Climate Change: A Policy Brief on Fossil Fuel Subsidies and Future Reform
Since November 6, the United Nations Climate Change Conference COP23 has called for a global and united front for climate action. This week, more than 15,000 scientists from 184 countries have issued a warning: Mankind must take immediate action to reverse the effects of climate change, deforestation and species extinction before it’s too late.
Three HEC students from the MSc in Sustainability and Social Innovation (SASI) program - Lindsay Ellis, Johannes Florian Kerst and Adithya Pradeep Kumar - have co-written a policy brief on fossil fuel subsidy reforms with the Institute for Climate Economics (I4CE). This paper, entitled "Fossil fuel subsidy reforms: state of play and ways forward", indicates possible ways to move towards a sounder and more efficient approach to fossil fuel subsidies.

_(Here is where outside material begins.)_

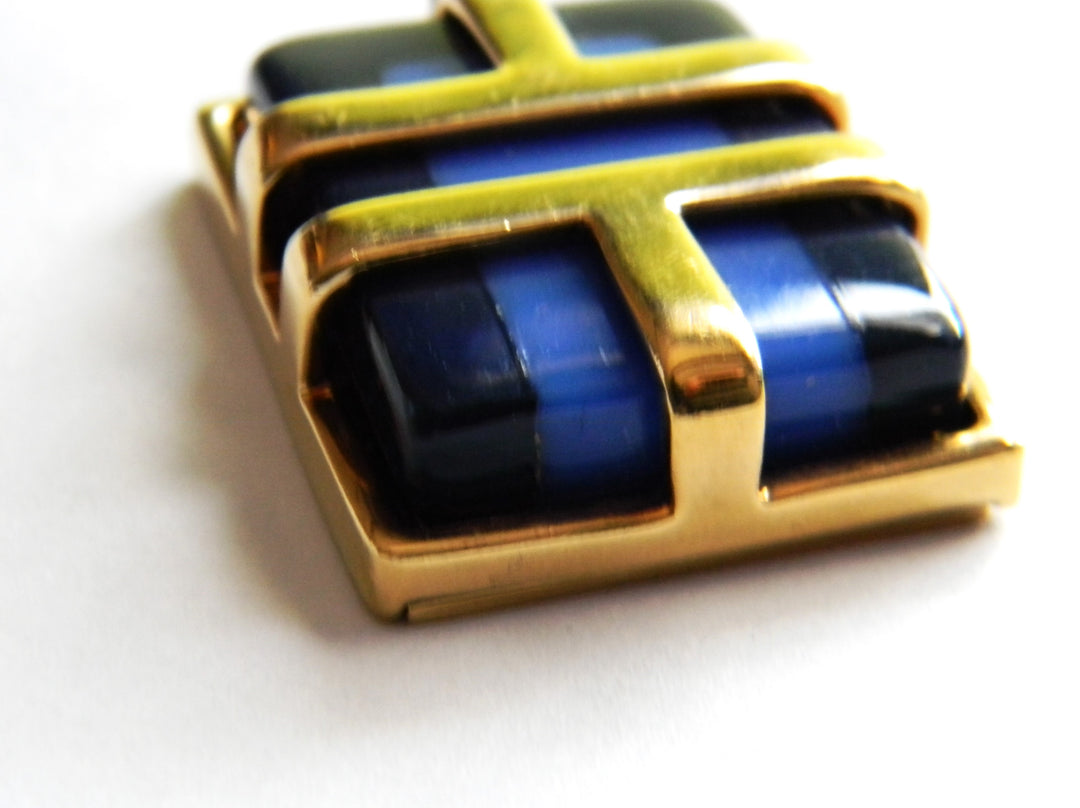 p383 Nice Rectangle Blue Acrylic stone in a Gold tone Cage Pendant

Promoting the production and consumption of fossil fuels through subsidies is incompatible with the Paris Agreement on climate change. While G20 countries have committed to phase out “inefficient fossil fuel subsidies that encourage wasteful consumption” since 2009, the progress towards reform has been mixed. The G20 countries still provide about USD 70 billion in production fossil fuel subsidies, while the total global consumption subsidies are estimated to be in the range of USD 320 billion to USD 5 trillion per year.
Recent examples demonstrate that subsidy reforms, combined with compensation mechanisms, are feasible. While there is no silver bullet to tackle the fossil fuel subsidy issue – and some of them are actually necessary –, the next steps towards a sounder and more efficient approach to fossil fuel subsidies may include:
- Work within existing platforms such as the WTO to refine existing definitions in the specific case of fossil fuel subsidies;
- Reinforce existing peer-review processes and extend them through international cooperation platforms such as the UNFCCC;
- Use transparency frameworks to improve the national and international reporting on fossil fuel subsidies and their reform;
- Reinforce international initiatives that allow for transnational research, such as the Global Subsidy Initiative and the OECD/IEA works, and efforts such as the World Bank’s of IMF’s that foster capacity building on these issues.